Table 3 summarizes prevalence of main symptoms, signs, and laboratory findings for all patients with non-falciparum malaria. Besides fever, most patients (84, 86%) complained of headache and/or myalgia, and 25 (26%) had digestive symptoms (vomiting and/or diarrhea and/or abdominal pain). A typical fever pattern (tertian or quartan) was reported by 33 (34%) patients. Splenomegaly was the only major clinical sign observed (24, 24%). Elevated lactate dehydrogenase (LDH ≥ 650 IU/L), thrombocytopenia (platelet count < 150,000/μL), and total hyperbilirubinemia (≥ 1.3 mg/dL) were observed in 63%, 62%, and 40%, respectively, of the cases. Mean platelet count was 132,000/μL (range = 27,000–353,000/μL). Pronounced anemia (hemoglobin level < 10 g/dL) and thrombocytopenia (< 50,000 platelets/μL) were infrequent (< 10%). No patients had clinical or laboratory criteria of severe malaria,12 except one with a total bilirubin concentration of 6 mg/dL. Clinical and laboratory presentations were indistinguishable between the three malaria species.

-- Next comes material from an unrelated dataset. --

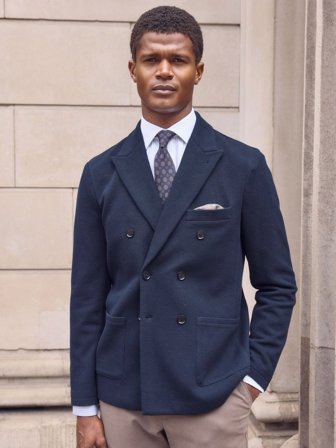 John Henric Men's Navy Blue Double Breasted Blazer Relaxed Fit Size M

Parasite density was lower in patients who were taking anti-malarial therapy (n = 20) than in those who were not (geometric mean = 309/μL versus 1148/μL; P = 0.022). In anti-malarial treatment-naive patients (n = 78), 28 (36%) had a parasite density lower than 500/μL at presentation at our center (Table 3). Cases with low parasitemia had a clinical presentation similar to those with high parasitemia. As shown in Table 3, mean parasite density was lower for P. ovale malaria (P = 0.004); half of them (14 of 27) had a low parasitemia at presentation.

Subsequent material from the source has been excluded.